DATA FOR PROCESSING:
*** Block opens ***
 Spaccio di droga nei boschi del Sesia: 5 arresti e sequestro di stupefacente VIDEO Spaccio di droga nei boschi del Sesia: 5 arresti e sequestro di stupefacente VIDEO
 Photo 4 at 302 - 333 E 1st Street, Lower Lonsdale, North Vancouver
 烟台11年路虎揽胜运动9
*** Block closes ***
*** Block opens ***
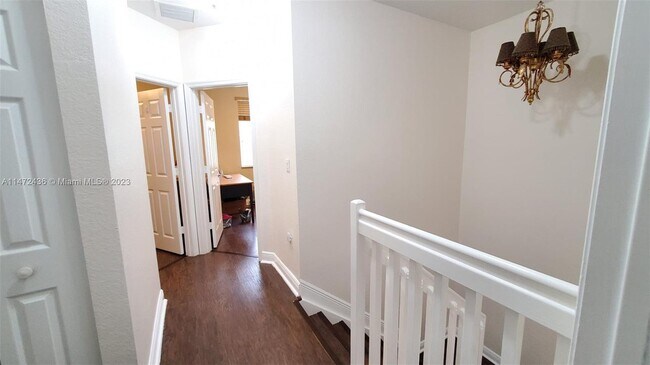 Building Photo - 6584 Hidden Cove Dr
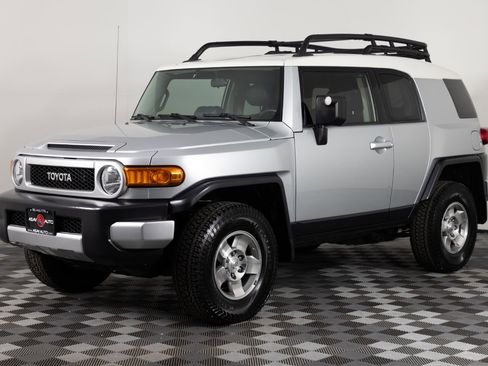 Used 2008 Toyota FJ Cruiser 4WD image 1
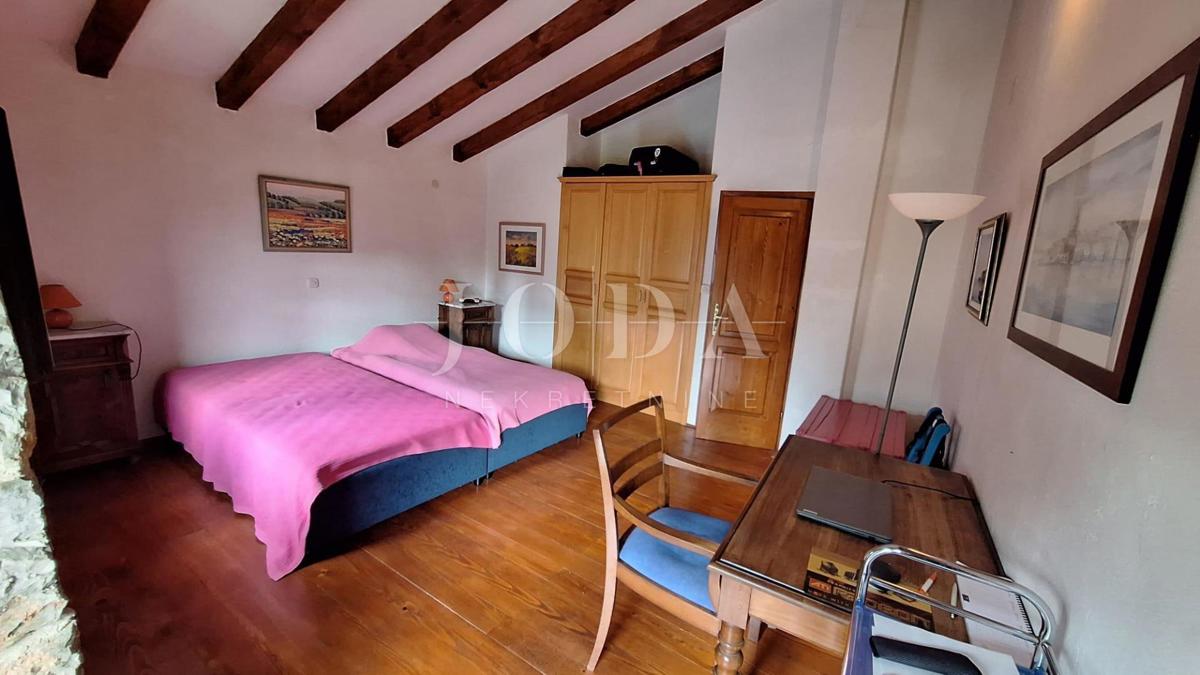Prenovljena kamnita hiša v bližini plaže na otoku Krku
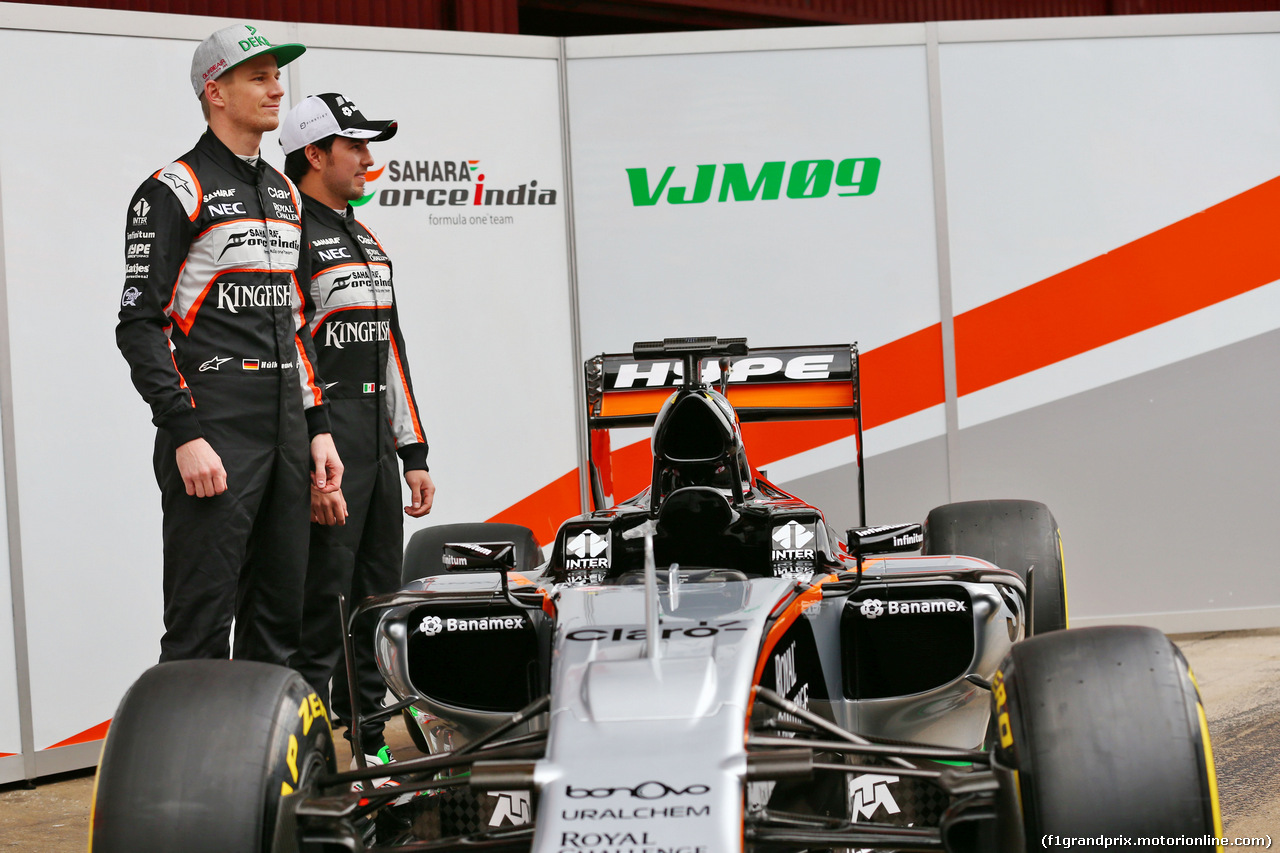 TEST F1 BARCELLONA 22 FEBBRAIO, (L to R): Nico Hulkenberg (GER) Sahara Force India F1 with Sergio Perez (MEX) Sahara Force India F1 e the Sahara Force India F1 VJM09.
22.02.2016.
*** Block closes ***
*** Block opens ***
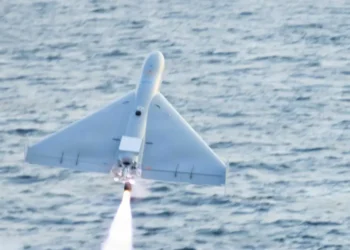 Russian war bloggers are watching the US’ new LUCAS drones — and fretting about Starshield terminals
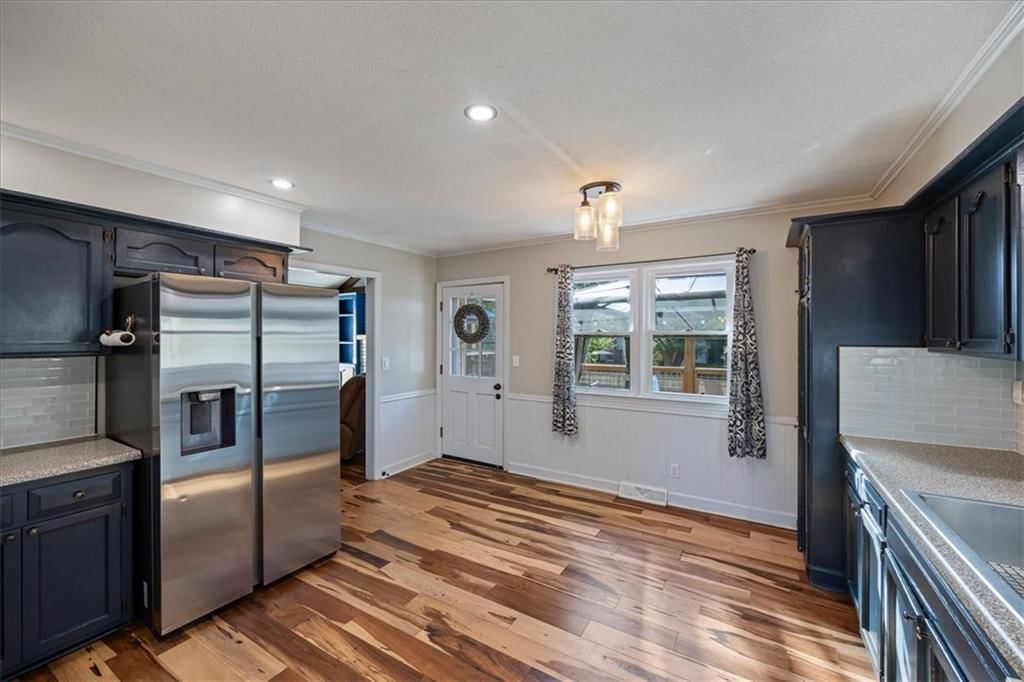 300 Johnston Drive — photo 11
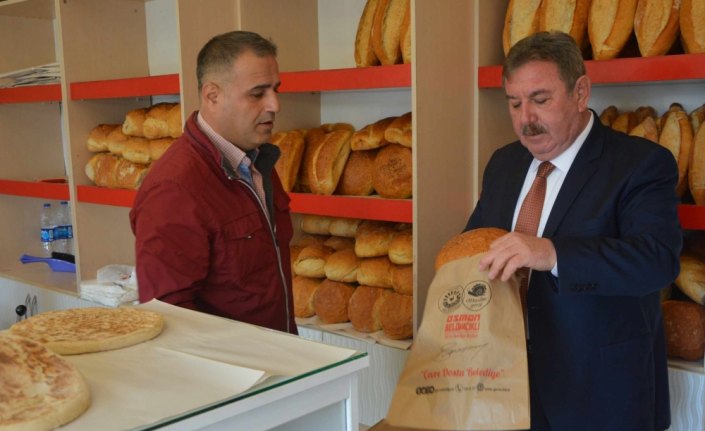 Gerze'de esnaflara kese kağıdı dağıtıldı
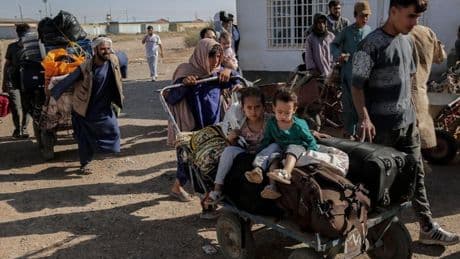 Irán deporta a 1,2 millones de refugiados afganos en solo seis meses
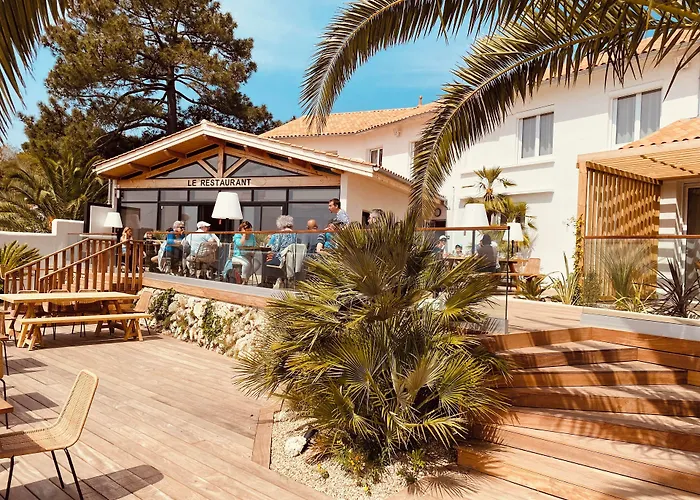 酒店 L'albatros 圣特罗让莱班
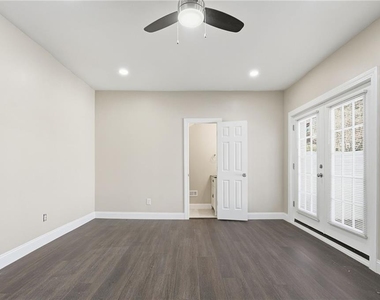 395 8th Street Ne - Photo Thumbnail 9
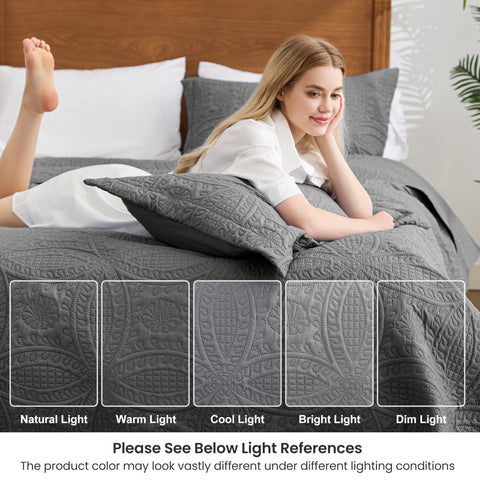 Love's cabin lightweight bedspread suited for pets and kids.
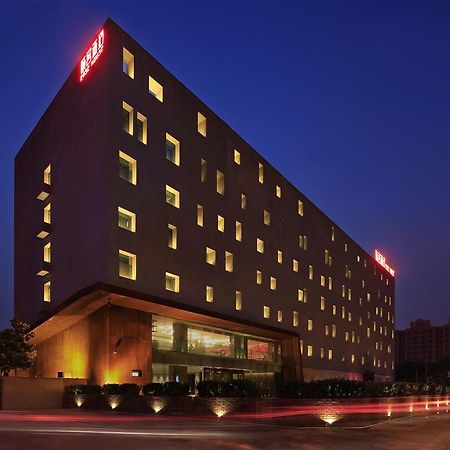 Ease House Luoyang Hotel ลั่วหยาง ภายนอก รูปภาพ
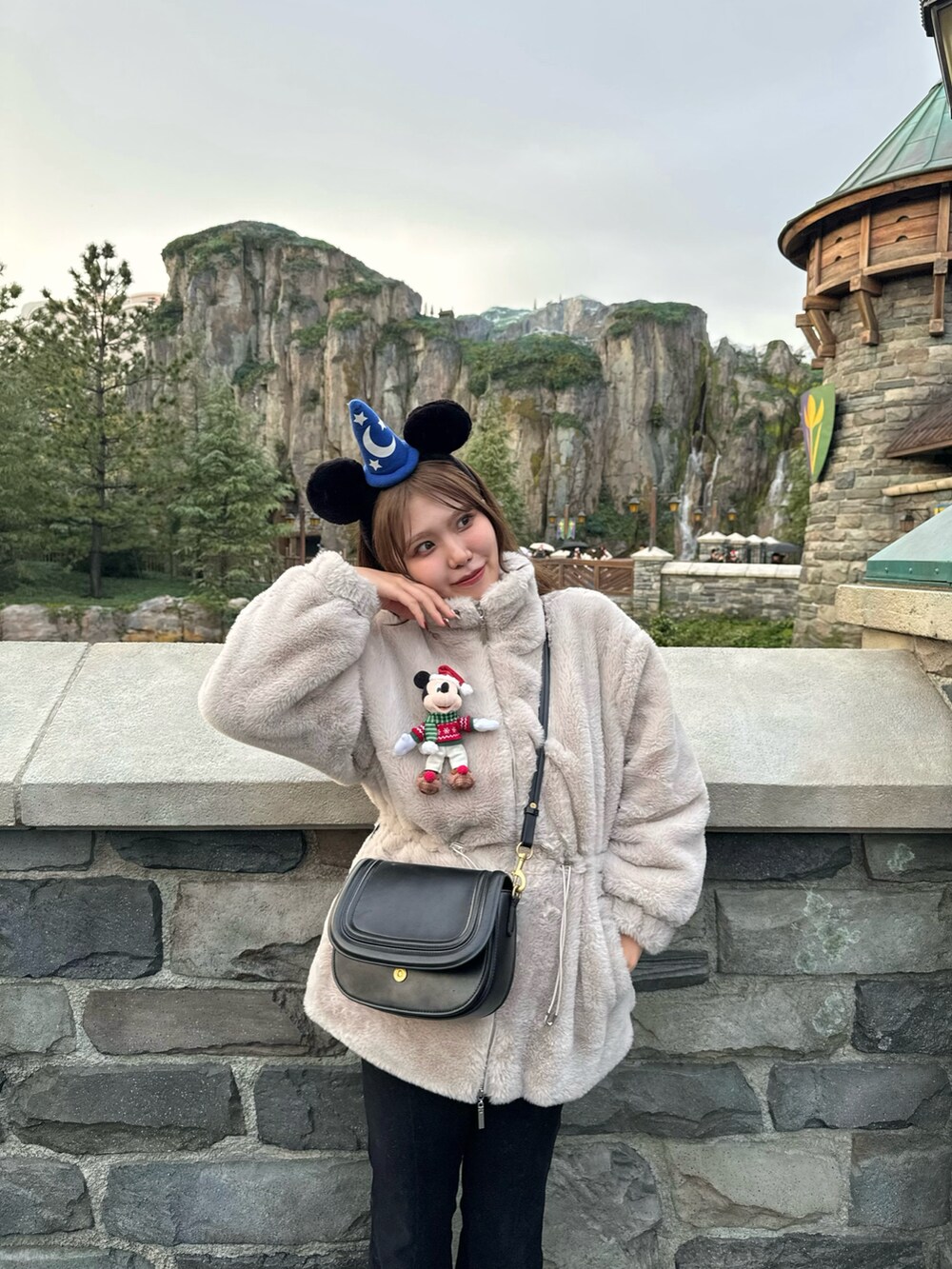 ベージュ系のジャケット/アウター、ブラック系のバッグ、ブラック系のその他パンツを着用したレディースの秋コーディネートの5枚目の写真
*** Block closes ***
TASK REQUIREMENTS:
Reproduce the records above exactly, but only from the line with "395 8th Street Ne - Photo Thumbnail 9" up to and including the line with "ベージュ系のジャケット/アウ". Leave the pictures out.

RESPONSE BELOW:
 395 8th Street Ne - Photo Thumbnail 9
 Love's cabin lightweight bedspread suited for pets and kids.
 Ease House Luoyang Hotel ลั่วหยาง ภายนอก รูปภาพ
 ベージュ系のジャケット/アウター、ブラック系のバッグ、ブラック系のその他パンツを着用したレディースの秋コーディネートの5枚目の写真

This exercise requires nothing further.